Mar 05 '24 05:03 expresspotato

Correct. All new DNN-based features are floating-point only. The reasoning is that most of the chips that are powerful enough to run that DNN code will also have an FPU. So at least for now (things can change) there's no plan to implement those in fixed-point.

Mar 05 '24 21:03 jmvalin

Here's my vote for fixed point support of all features. In my testing (mainly speech), the fixed point build of 1.5 uses only about 2/3 the cpu time of the floating point build when encoding complexity is above 5. My application is for a high-density server, so in moving to 1.5, I have to make a choice between a decrease in density to get PLC and LACE/NoLACE, or a significant increase in density if I used 1.5 fixed point and lose the new features.

Mar 12 '24 20:03 bateyejoe

On most modern chips floating-point should actually be faster than fixed-point. Maybe there's some optimization that isn't getting enabled.

Mar 12 '24 20:03 jmvalin

Try enable fast-math, float-approx and if you run a server with known hardware from this decade you can presume avx2 and sse 4.2 of your opus build.

Mar 12 '24 20:03 xnorpx

Try enable fast-math, float-approx and if you run a server with known hardware from this decade you can presume avx2 and sse 4.2 of your opus build.

Where do I find the "fast-math" option? float-approx is enabled. I have MAY_HAVE_SSE4_1 and MAY_HAVE_AVX2 enabled, but only presume up to SSE2. Could the run-time dispatching account for such a big difference? I can set those to PRESUME and give it a try. Testing on a Core i9-13900, btw.

Mar 13 '24 01:03 bateyejoe

Try enable fast-math, float-approx and if you run a server with known hardware from this decade you can presume avx2 and sse 4.2 of your opus build.

Where do I find the "fast-math" option? float-approx is enabled. I have MAY_HAVE_SSE4_1 and MAY_HAVE_AVX2 enabled, but only presume up to SSE2. Could the run-time dispatching account for such a big difference? I can set those to PRESUME and give it a try. Testing on a Core i9-13900, btw.

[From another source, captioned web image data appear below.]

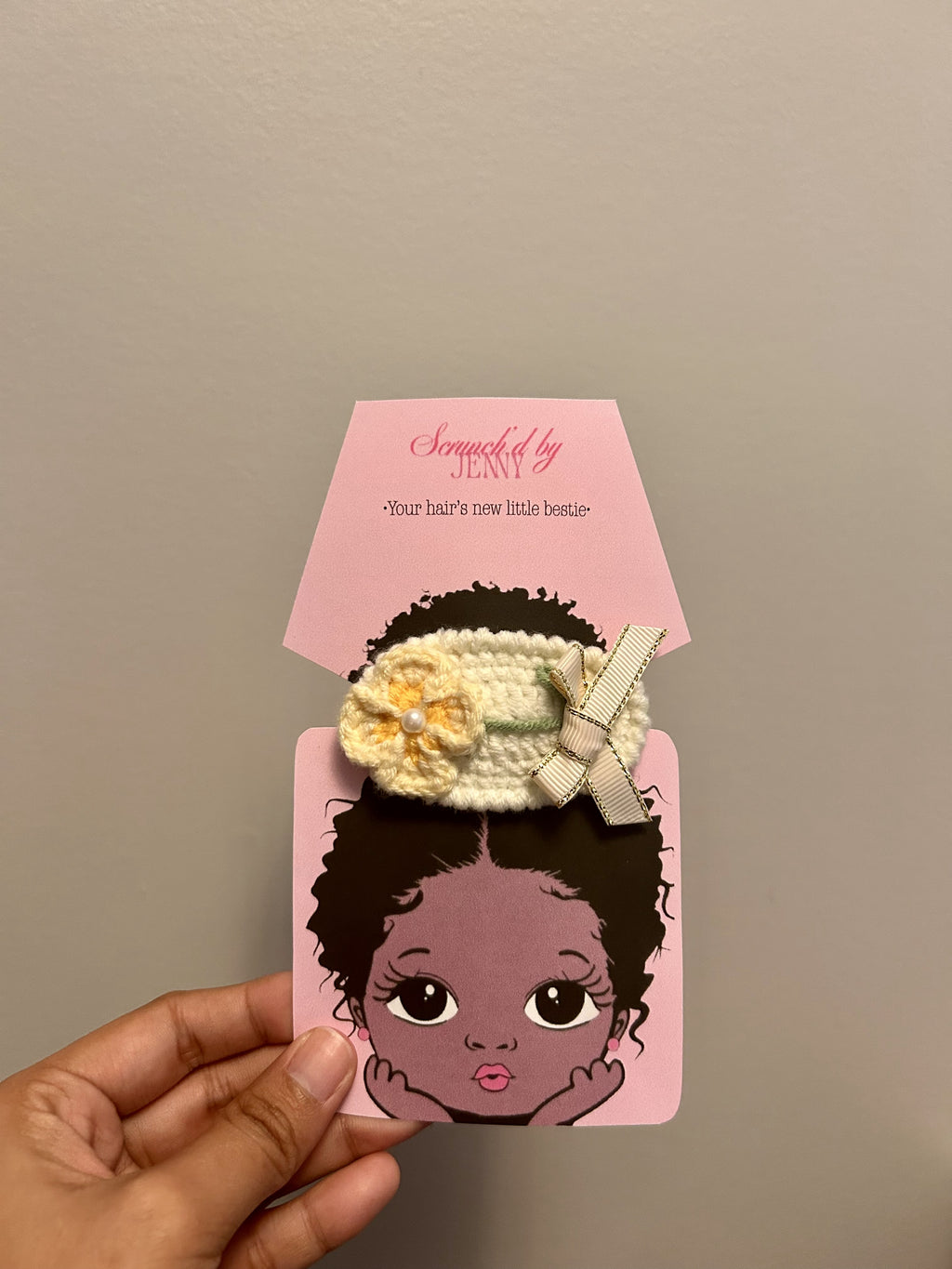 Handmade Crochet Hair Clips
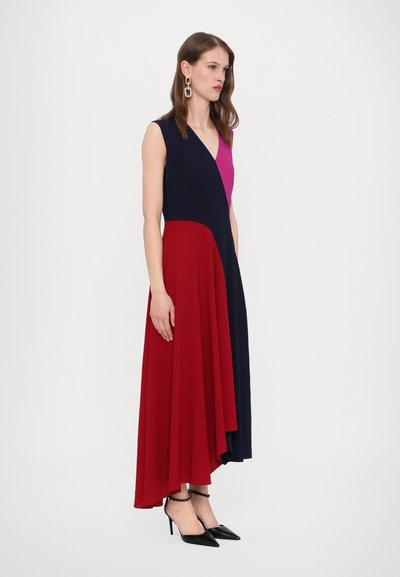 Roksanda MIRAL DRESS - Cocktailjurk - fuchsia/crimson/navy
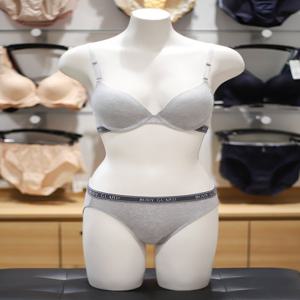 [보디가드] 멜란그레이 기본 면브라 삼각팬티 셋트 BGWBA195 BGWPA195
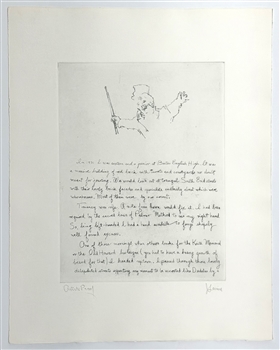 Jack Levine signed original etching Dreigroschen Film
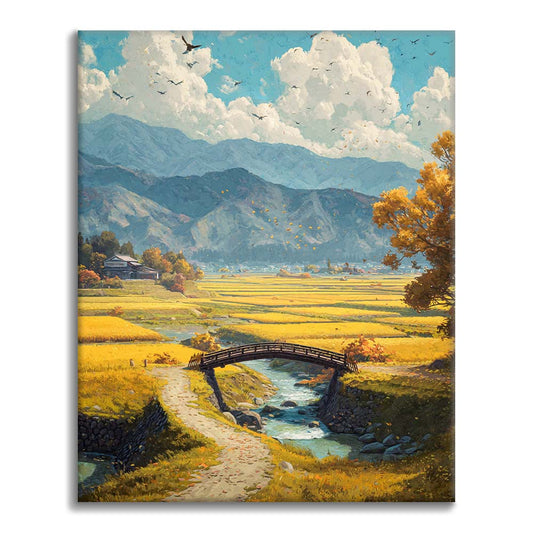 Raccolto d'oro - Dipingere con i Numeri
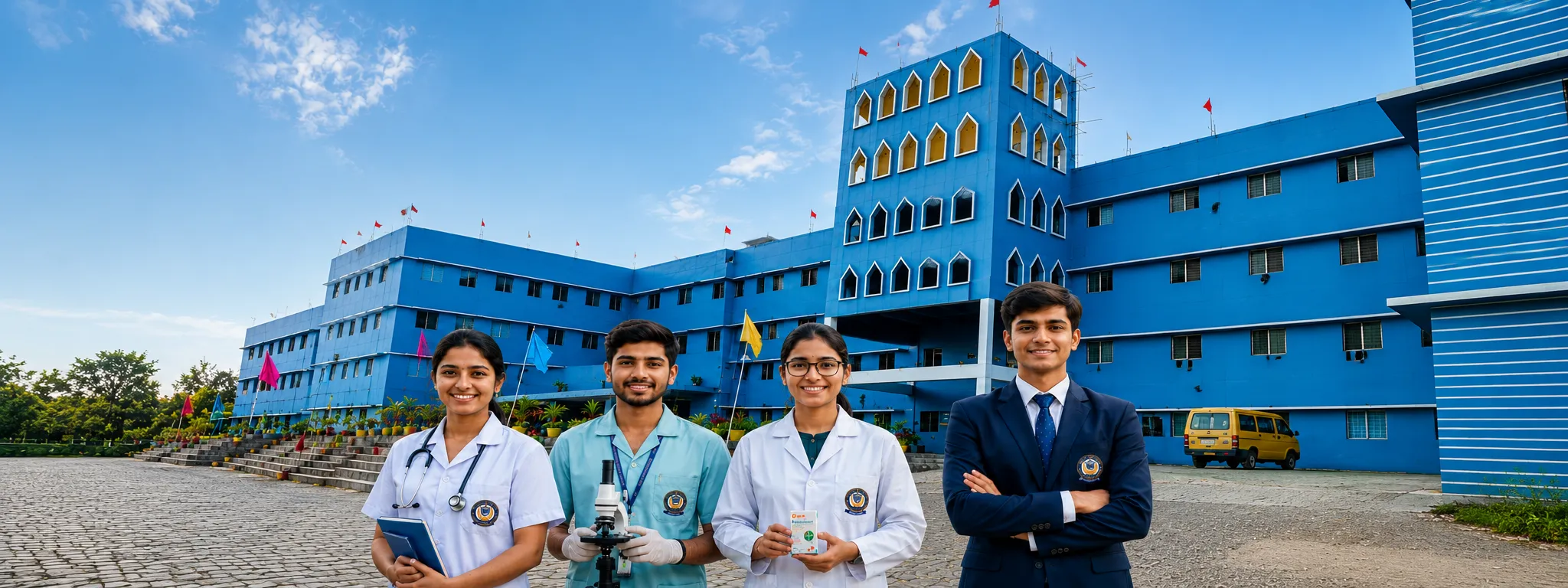 Best nursing college in Jharkhand — A.G. Group of Institutions students at Bokaro campus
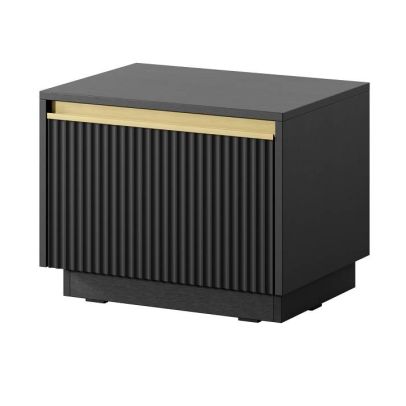 Nočný stolík ROYAL S54, čierna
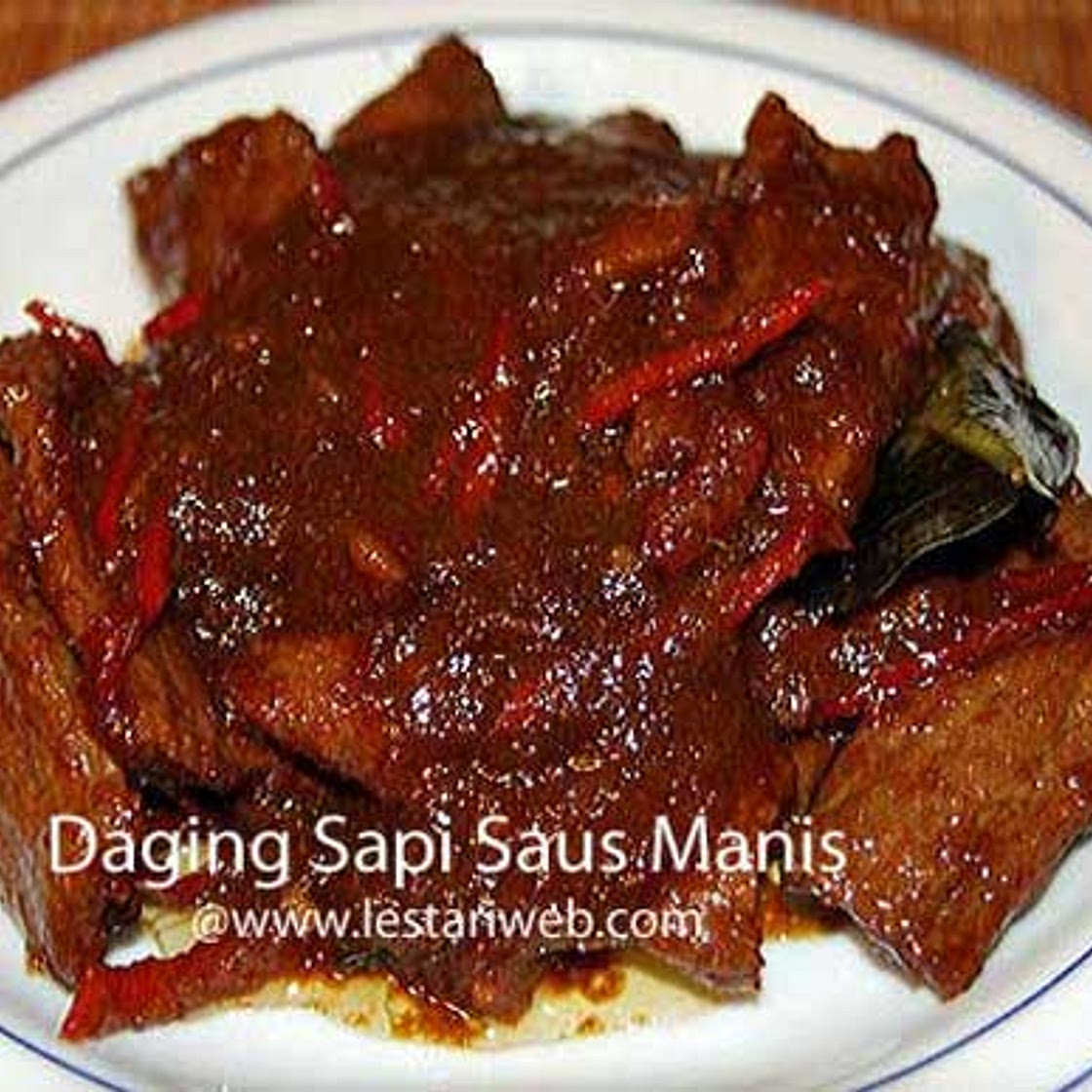 Beef With Sweet Sauce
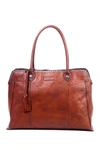 Old Trend Soul Stud Leather Satchel Bag In Cognac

What build system are you using? Autotools, CMake or Meson?

Mar 13 '24 02:03 xnorpx

What build system are you using? Autotools, CMake or Meson?

Using our own cmake-based system. I started off with the linux build and generated a Makefile with configure. I used that to build our CMakeLists.txt with just the options we need. The only difference in options between the windows and linux builds was linux had VAR_ARRAY enabled and windows has ALLOCA enabled instead.

I just completed rebuilding with PRESUME for sse4.1 and avx2 and re-ran the benchmarks and now, to my surprise, the 1.5-fixed and 1.5-float results are much closer. Either my initial test run was flawed, or the PRESUME makes a pretty large difference. Will try going back to MAY_HAVE for sse4.1 and avx2 and let you know if that was really the difference.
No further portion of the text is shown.